RABINOWITZ, Chief Justice.

John Schnabel and the Schnabel Lumber Company were insured under a general liability policy issued by the United States Fire Insurance Company. Under the terms of the policy, United States Fire agreed to

pay on behalf of the insured all sums which the insured shall become legally obligated to pay as damages because of . . . property damage to which this insurance applies, caused by an occurrence and the company shall have the right and duty to defend any suit against the insured seeking damages on account of such . . . property damage, even if any of the allegations of the suit are groundless, false or fraudulent . . ..

During the effective period of the policy, Schnabel was engaged in the relocation of a road near Haines, Alaska. In the course of the road construction, Schnabel entered upon the lands of Albert and William Schafer, prepared a roadbed across their property, and in the process cut and removed timber and extracted gravel and blue clay from the Schafers' property. The Schafers brought suit against Schnabel and the Schnabel Lumber Company for trespass upon their property and for conversion of raw materials. 1 Schnabel tendered defense of this suit to United States Fire Insurance Company, but the company refused to defend. Schnabel thereafter retained his own counsel to defend the suit.

The Schafers ultimately were awarded damages in the amount of $8,350. 2 The trial court in that case found that the Schafers had failed to prove that Schnabel had acted in bad faith, and that the Schafers were entitled to damages for innocent removal of the raw materials rather than the higher measure of damages for bad faith removal. 3

Following entry of judgment in the Schafer litigation Schnabel brought suit against United States Fire alleging that the company had breached its duty to defend and seeking damages for the total amount of the Schafers' judgment, 4 plus the expenses Schnabel had incurred in defending the suit. United States Fire, by way of affirmative defense, denied that it had a duty to defend because the damages Schnabel became obligated to pay the Schafers were excluded from coverage under the policy.

Schnabel moved for summary judgment.
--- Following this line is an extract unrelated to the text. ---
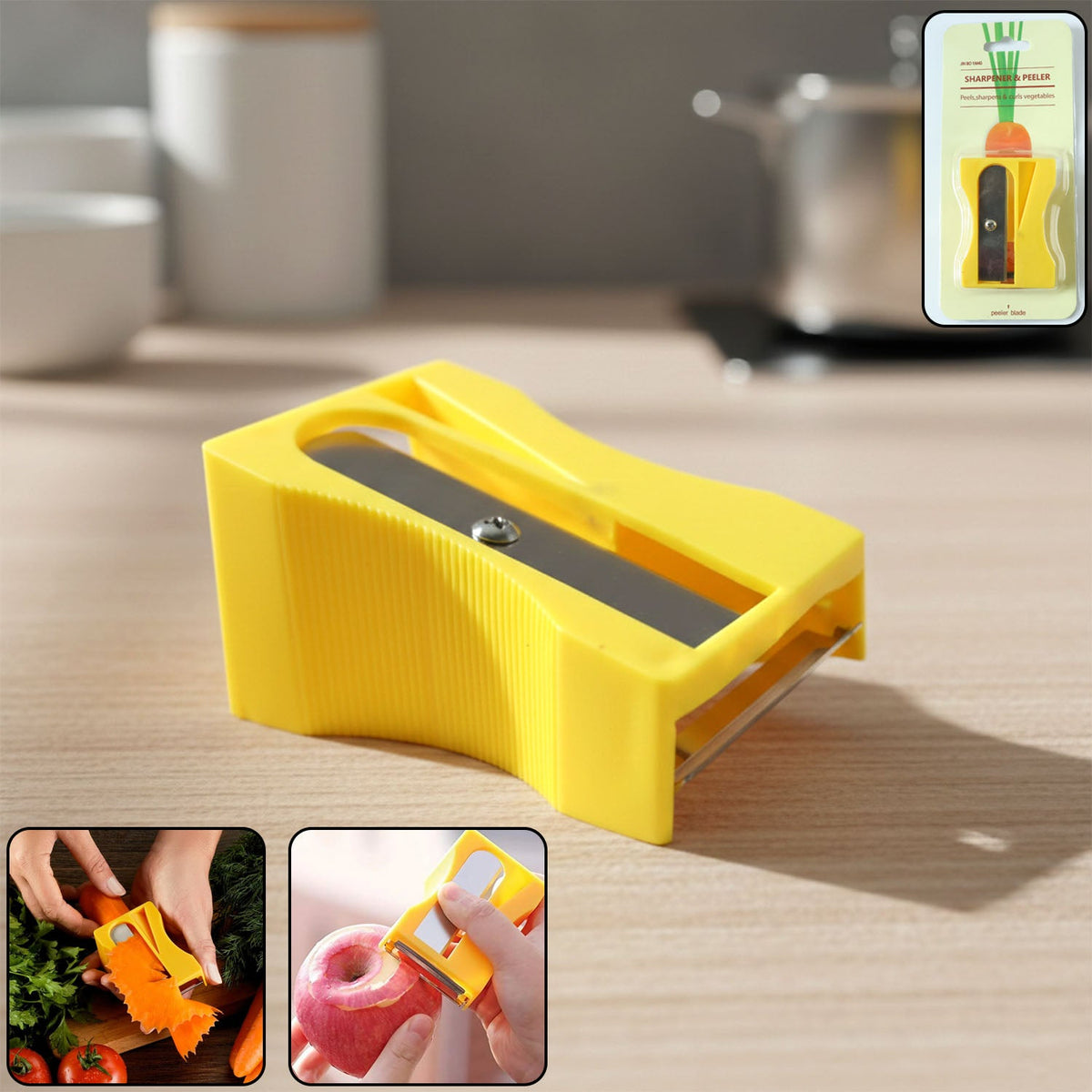 Close-up of multipurpose vegetable sharpener & peeler showing dual functions Main image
During the hearing on that motion, counsel for United States Fire orally moved the court for leave to amend its answer to include a set-off or counterclaim against Schnabel on the theory that Schnabel had received a benefit of $8,350, the value of the raw materials he removed. United States Fire contended that Schnabel would be unjustly enriched by that amount if a judgment against the company included the $8,350.
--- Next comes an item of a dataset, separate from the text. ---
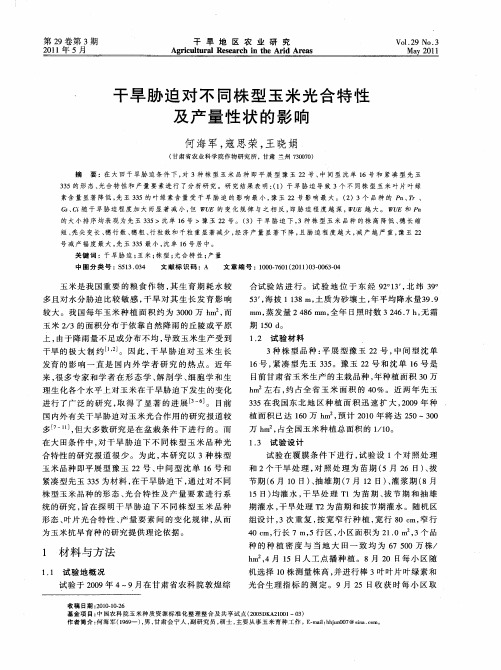 干旱胁迫对不同株型玉米光合特性及产量性状的影响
The superior court granted Schnabel's motion for summary judgment, but made no mention in its memorandum decision of United States Fire's motion for leave to amend. Within 10 days after the entry of judgment, United States Fire moved the court for post-judgment relief, seeking a reduction in the judgment of $8,350. The superior court denied the motion. United States Fire has appealed from the summary judgment and from the superior court's denial of its motion for post-judgment relief.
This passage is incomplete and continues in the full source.